I really didn't like Mac & cheese as a child. Then a girl friend (who is really a sister to me) showed me how her mother makes it & now I'm turning non-mac & cheese eaters into mac & cheese lovers! I hope you'll love it to!
Before you start make sure everything is ready & close at hand. Once you start the sauce you can not walk away from the stove.
In a saucepan (a heavy-bottomed pan works the best), melt the butter over moderate heat.
Add the all-purpose flour. While stirring for 2 to 3 minutes, the mixture (roux) should bubble and foam. The color should gradually darken. A light yellow to golden yellow color is desirable for white sauce. It is important that the flour not burn, but it should be cooked thoroughly so that the resulting sauce will not attain a pasty, floury flavor.

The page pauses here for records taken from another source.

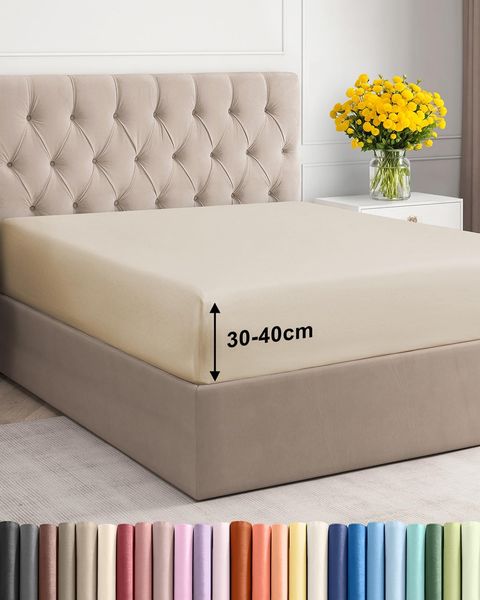 Spannbettlaken 120x190 cm Cremeweiß - 40cm (16") Tiefe Tasche - Premium Mikrofaser Spannbetttuch - Weich, Knitter- und Bügelfrei - Atmungsaktiv, Hypoallergen und Oeko-TEX Standard 100 Zertifiziert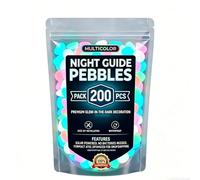 EffiFish Luminous Garden Stones Solar Powered Waterproof Outdoor Decorative Pebbles Glow In The Dark Colorful Resin Rocks For Pathway Lawn Yard Decor 17X12cm Blue(Colored 200pcs)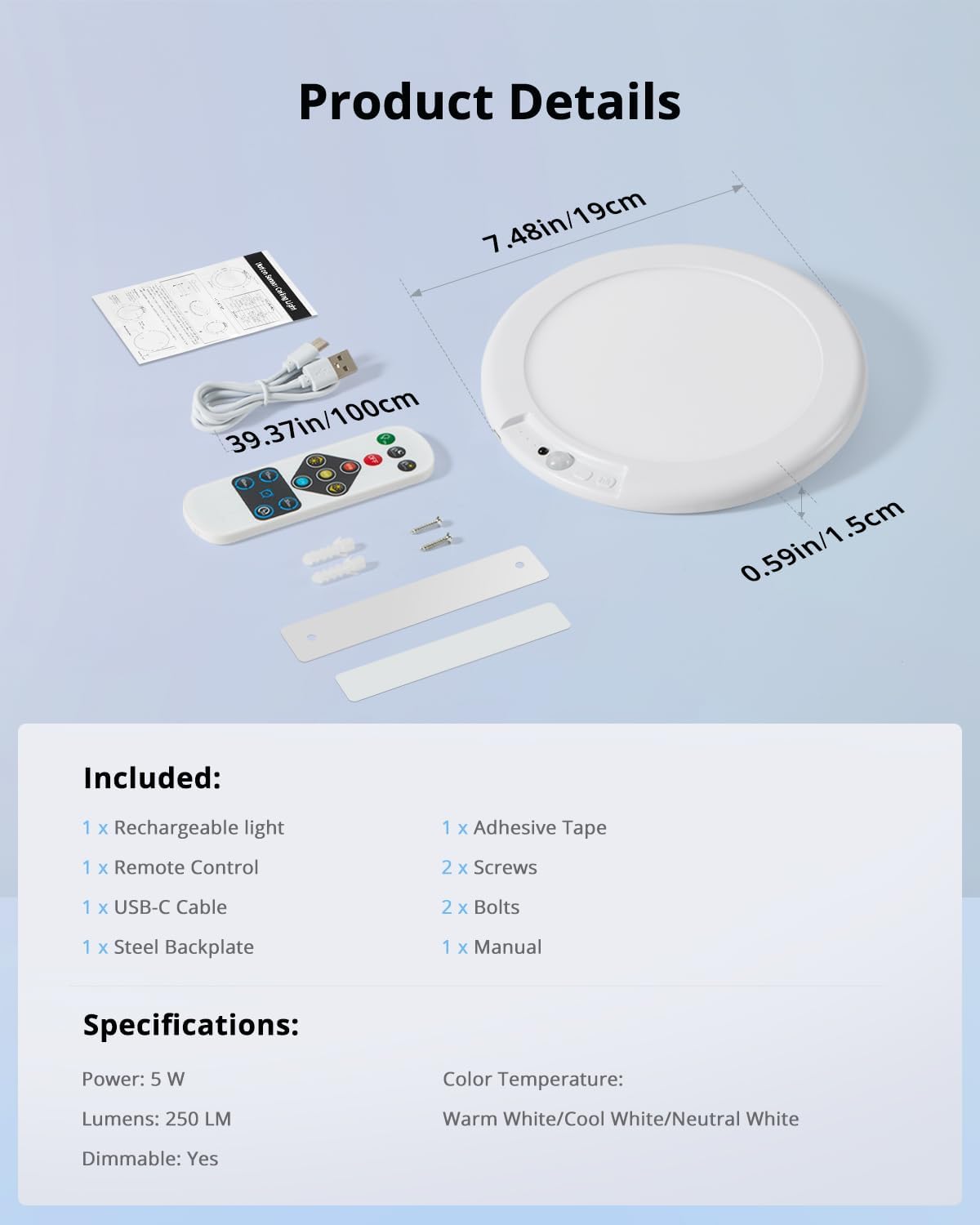 Combuh Cordless Magnetic Ceiling Light – Clutter-Free Wireless Fixture for Intentional Renter Living, No Drill or Wiring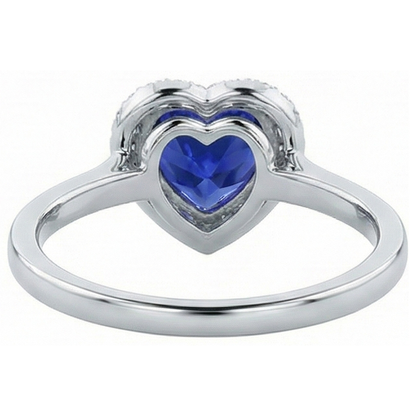Natural Real ( Not Lab Grown )  White Gold Halo Ring Heart Deep Blue Sapphire Jewelry 4 Carats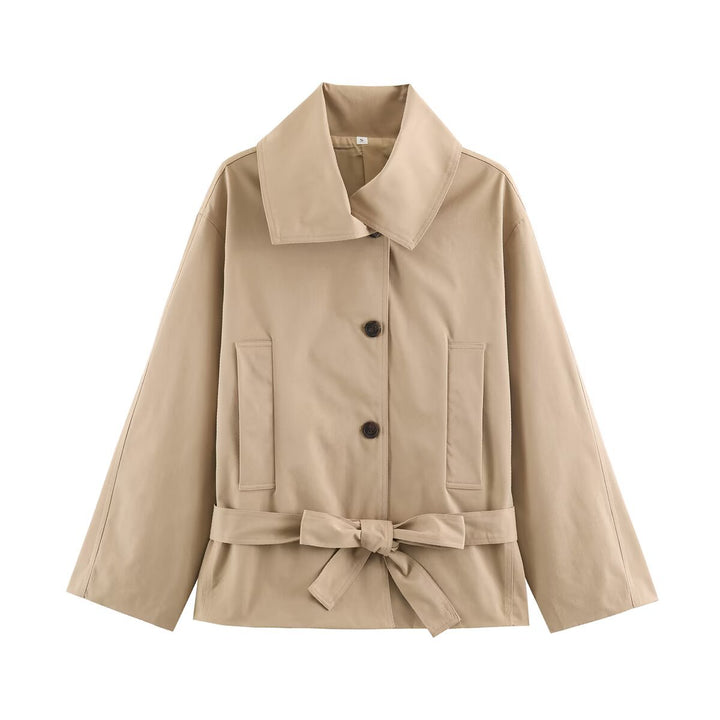 Damen Kurze taillierte Trenchjacke mit Bindegürtel und weitem Reverskragen Drune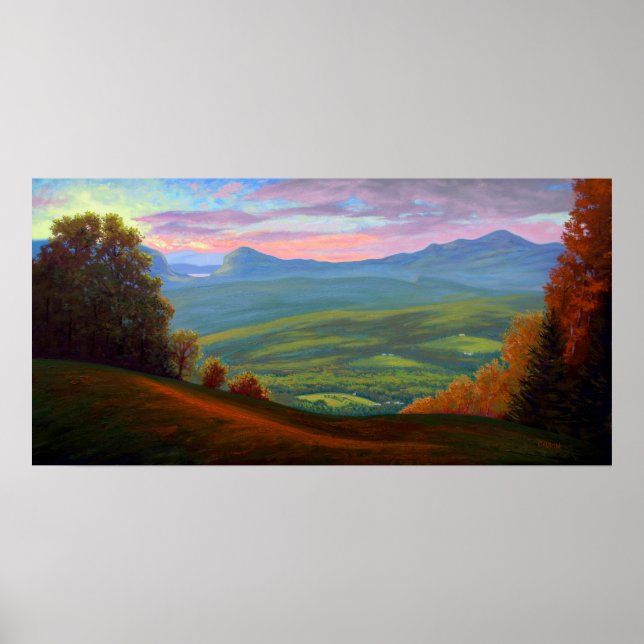 Willoughby Lake do Burke Mountain Poster (Frente)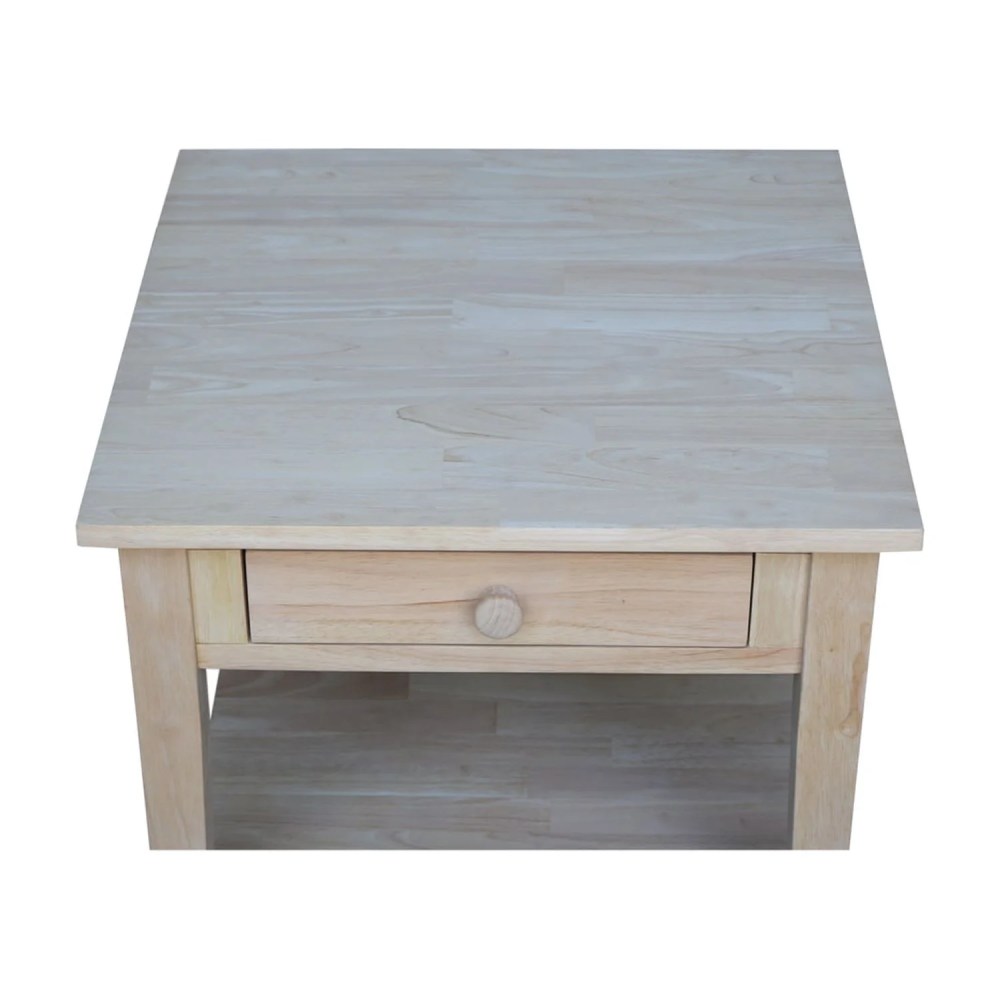 International Concepts Solid Wood Spencer End Table,Unfinished - Image 2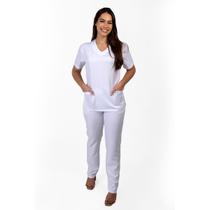 Pijama Cirúrgico Acinturado Gabardine Branco Blanco Raro Pijama Cirúrgico Acinturado Gabardine Branco Blanco Raro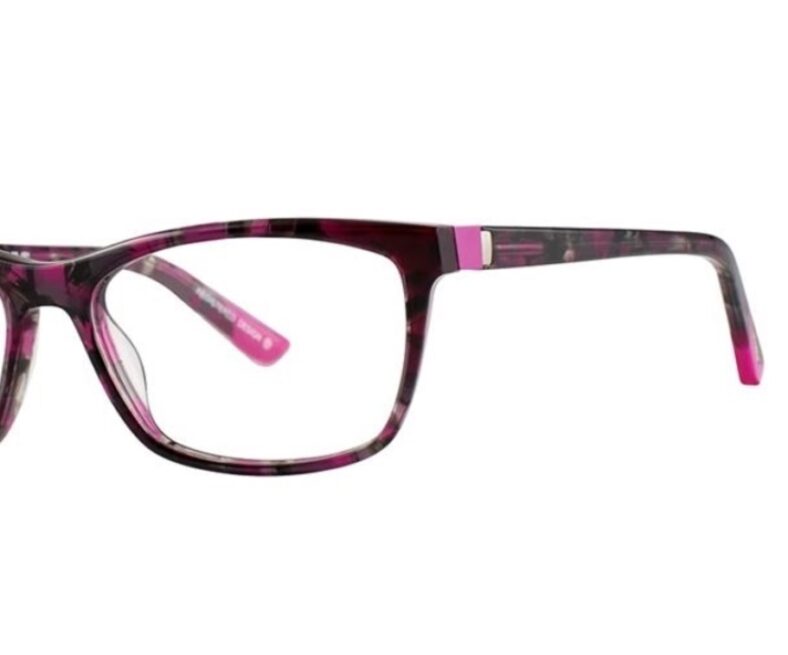 Purple and pink rectangular eyeglasses.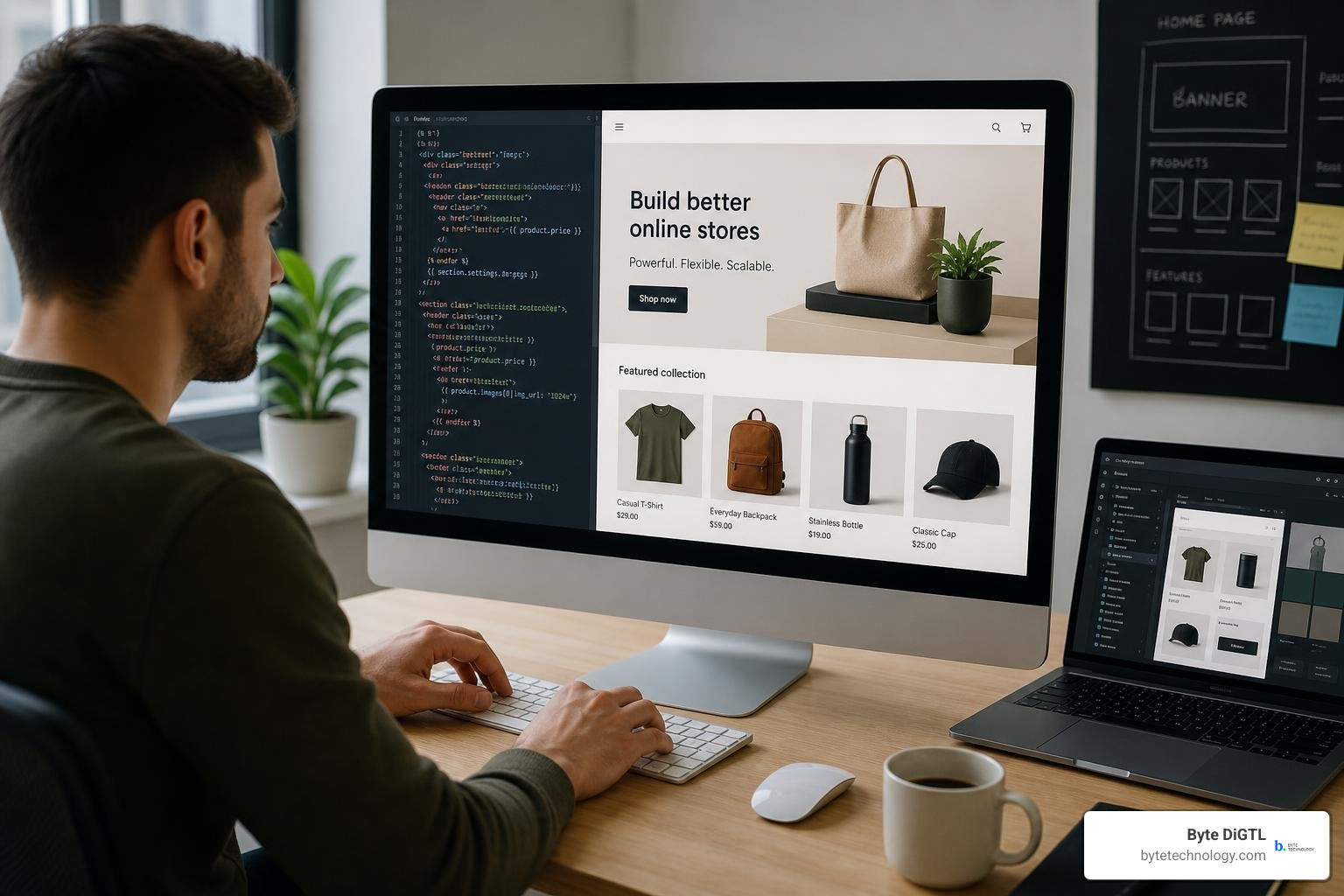 Shopify CLI terminal interface displaying theme initialization commands Shopify CLI terminal interface displaying theme initialization commands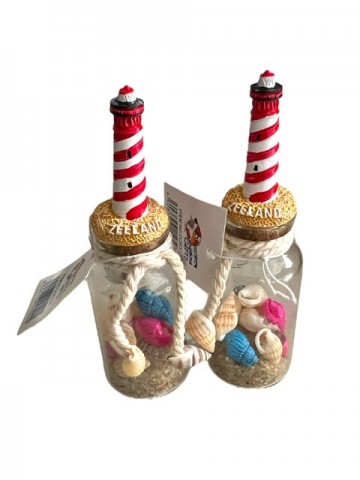 Magneet flesje met zand vuurtoren Haamstede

After the roux has reached the correct doneness, Whisk Worcestershire & milk into the roux. Reduce the heat to a low simmer and continue stirring until the sauce becomes smooth.
When the sauce is thick, stir in the cheese(hold some cheese back) & season with salt and pepper to taste.
Mix sauce & pasta together pour in a 13x9-inch glass baking dish. Sprinkle a cheese layer on top, add a layer of onions & dust with paprika.
Bake at 375°F uncovered until the top is golden brown and bubbly. Enjoy!